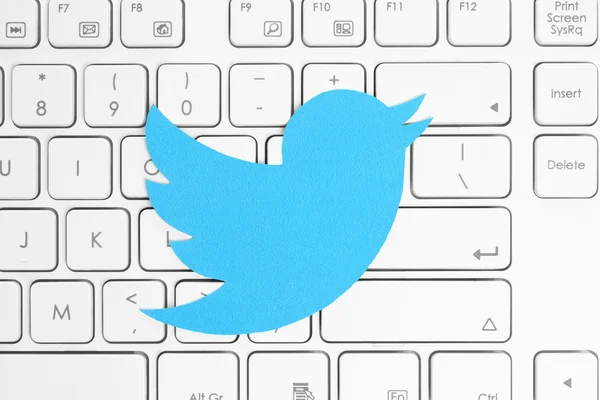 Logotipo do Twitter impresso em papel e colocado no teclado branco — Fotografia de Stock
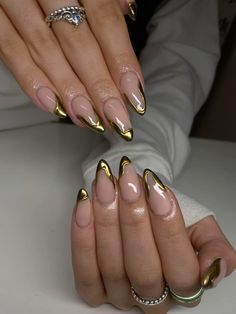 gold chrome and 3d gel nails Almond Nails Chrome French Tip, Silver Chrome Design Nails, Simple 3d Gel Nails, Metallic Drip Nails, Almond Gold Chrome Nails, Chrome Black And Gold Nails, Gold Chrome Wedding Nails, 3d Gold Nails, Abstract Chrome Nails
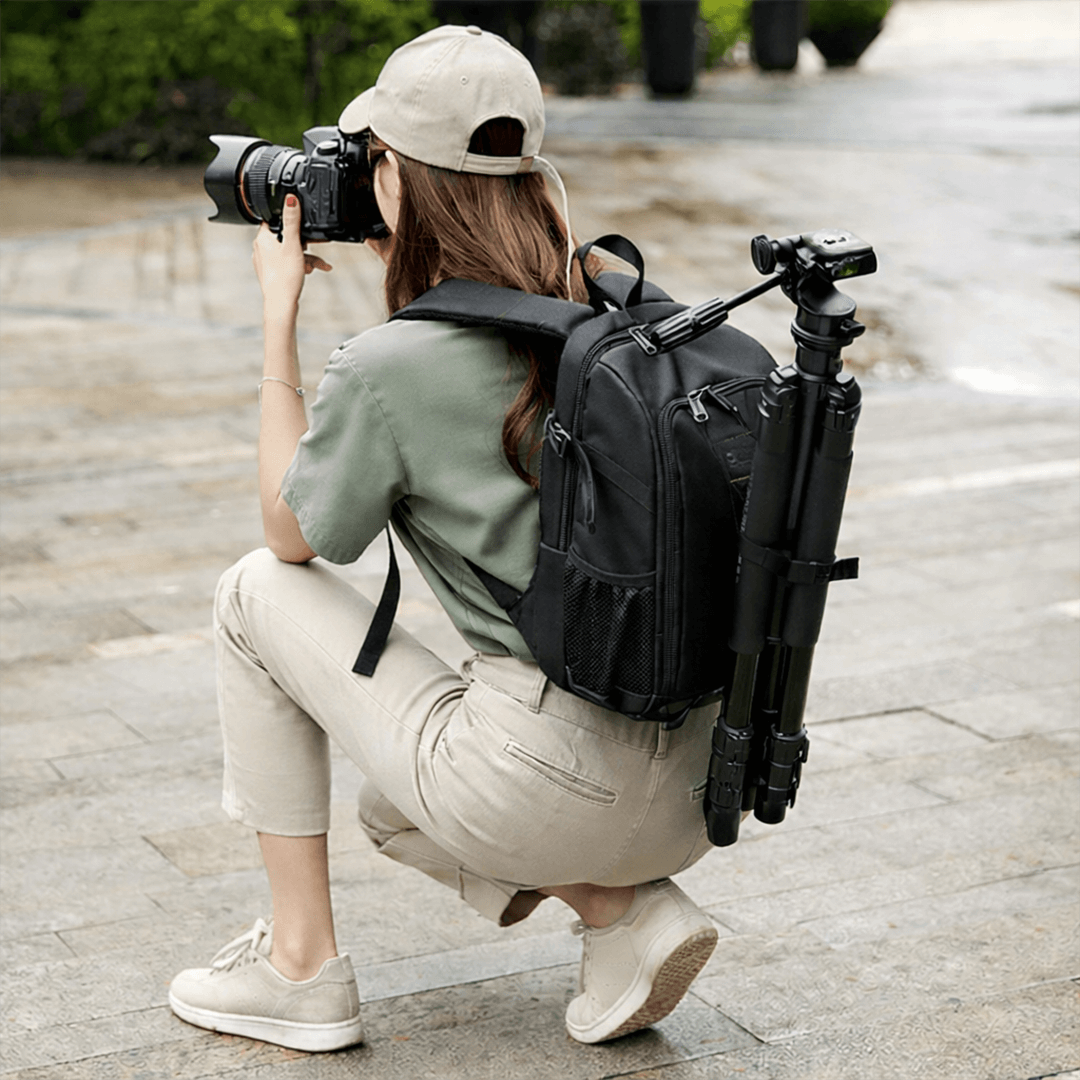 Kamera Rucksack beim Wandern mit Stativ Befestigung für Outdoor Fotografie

* * *

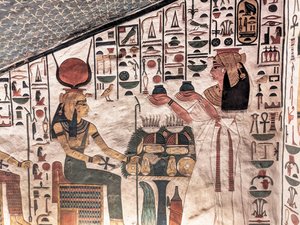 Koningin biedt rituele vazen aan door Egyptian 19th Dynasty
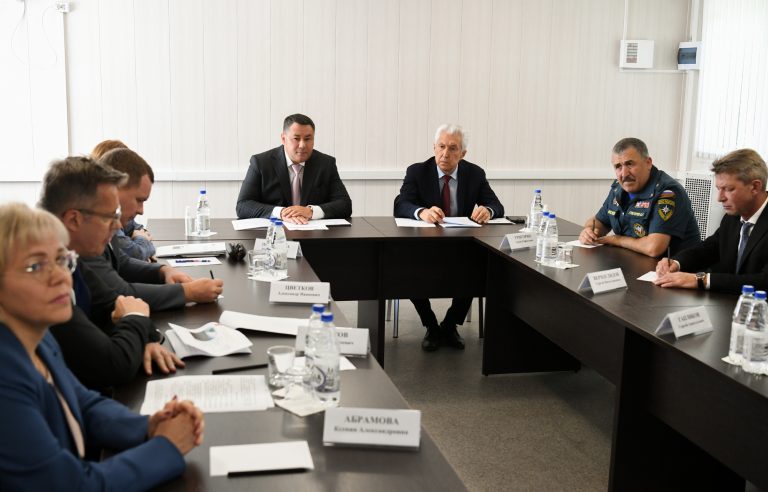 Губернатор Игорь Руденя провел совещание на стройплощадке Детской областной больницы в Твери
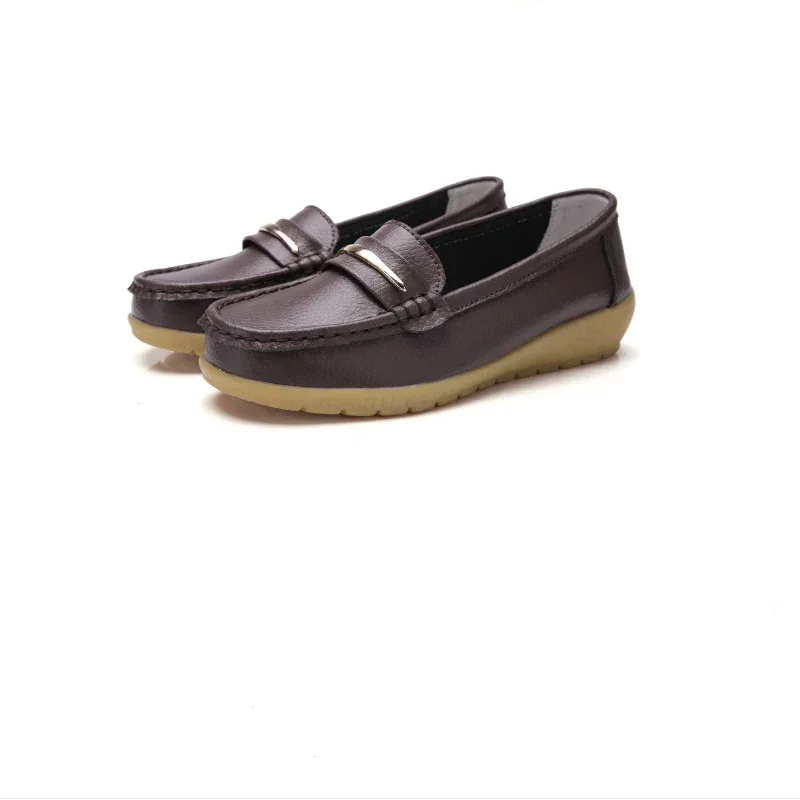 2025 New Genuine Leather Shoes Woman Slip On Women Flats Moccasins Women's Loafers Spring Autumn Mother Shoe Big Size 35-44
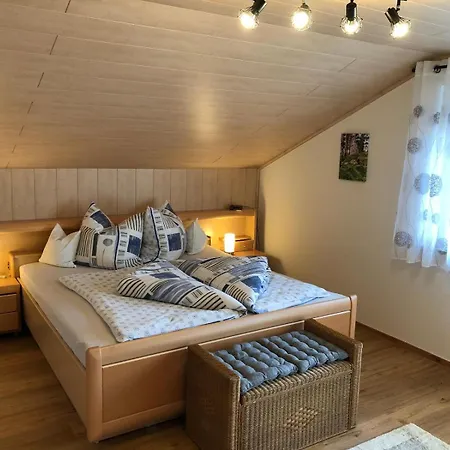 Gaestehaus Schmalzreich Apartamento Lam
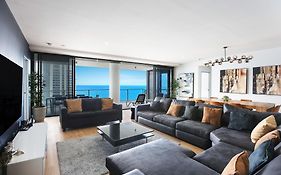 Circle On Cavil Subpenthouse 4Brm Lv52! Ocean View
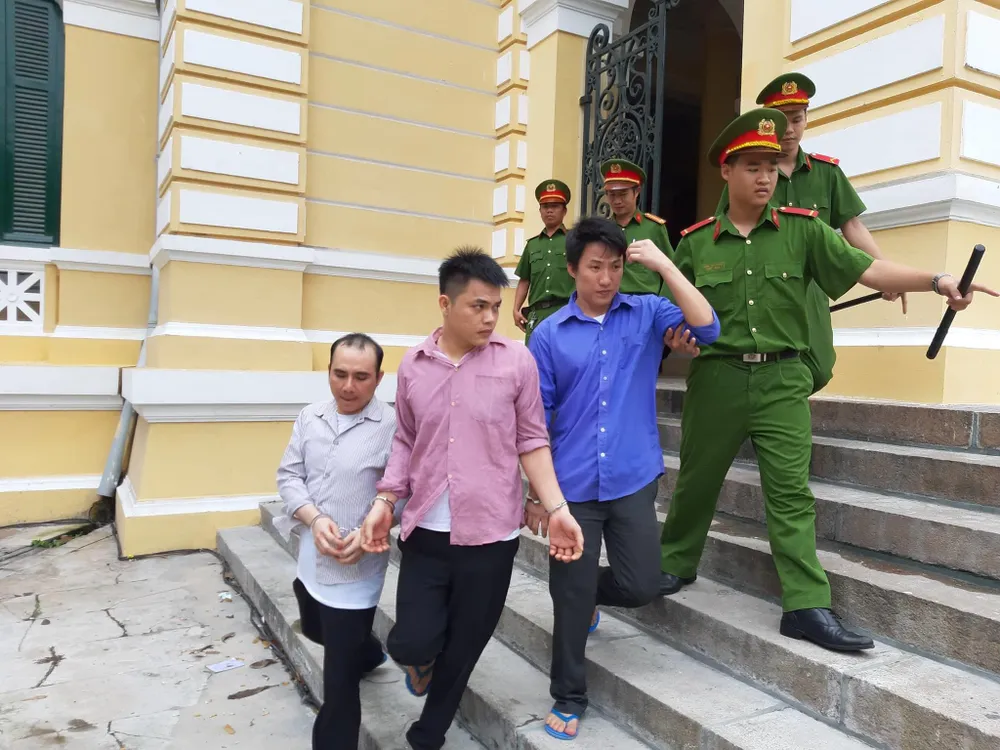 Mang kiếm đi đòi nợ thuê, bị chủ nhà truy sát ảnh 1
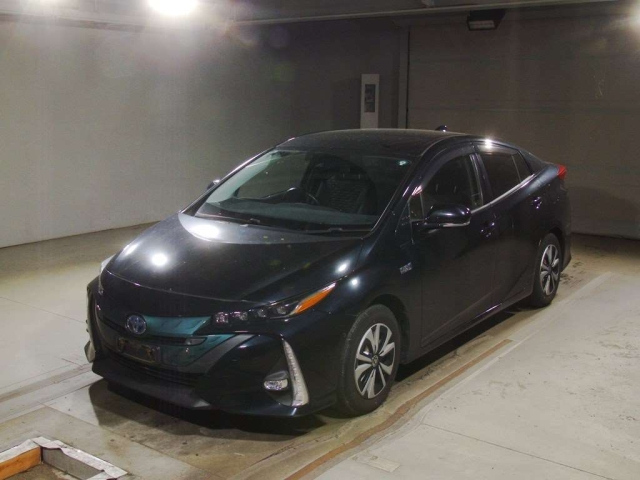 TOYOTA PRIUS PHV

---

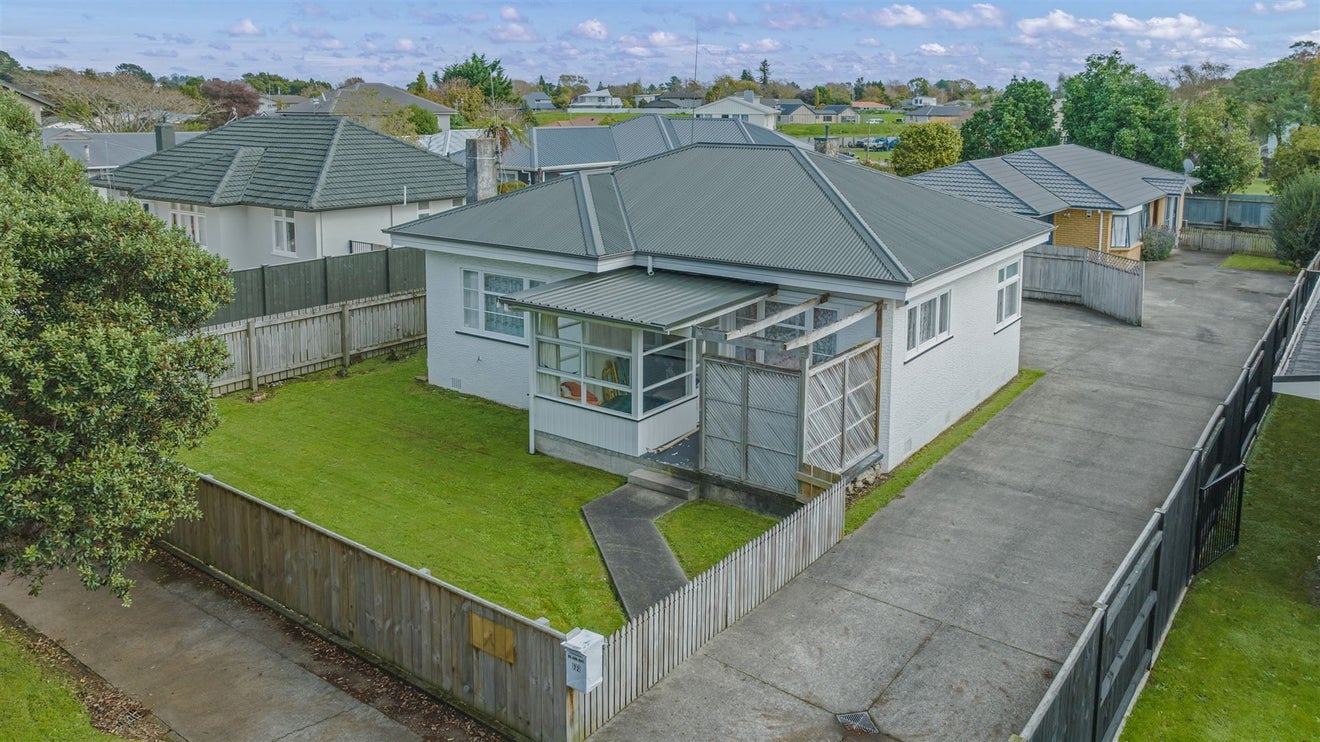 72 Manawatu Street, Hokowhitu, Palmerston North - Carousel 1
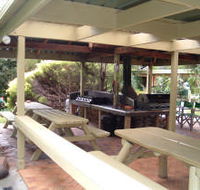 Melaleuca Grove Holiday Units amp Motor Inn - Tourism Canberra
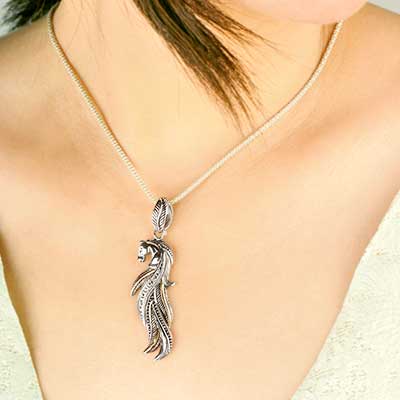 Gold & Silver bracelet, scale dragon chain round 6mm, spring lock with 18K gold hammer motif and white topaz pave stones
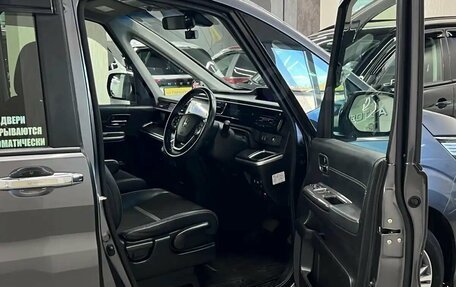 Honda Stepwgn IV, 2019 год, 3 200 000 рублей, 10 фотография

About this task: Above are records with pictures. Reproduce exactly only the lines from the line with "Logotipo do Twitter" through the line with "Kamera Rucksack beim", both ends included, and leave the pictures out.

Finished task:
 Logotipo do Twitter impresso em papel e colocado no teclado branco — Fotografia de Stock
 gold chrome and 3d gel nails Almond Nails Chrome French Tip, Silver Chrome Design Nails, Simple 3d Gel Nails, Metallic Drip Nails, Almond Gold Chrome Nails, Chrome Black And Gold Nails, Gold Chrome Wedding Nails, 3d Gold Nails, Abstract Chrome Nails
 Kamera Rucksack beim Wandern mit Stativ Befestigung für Outdoor Fotografie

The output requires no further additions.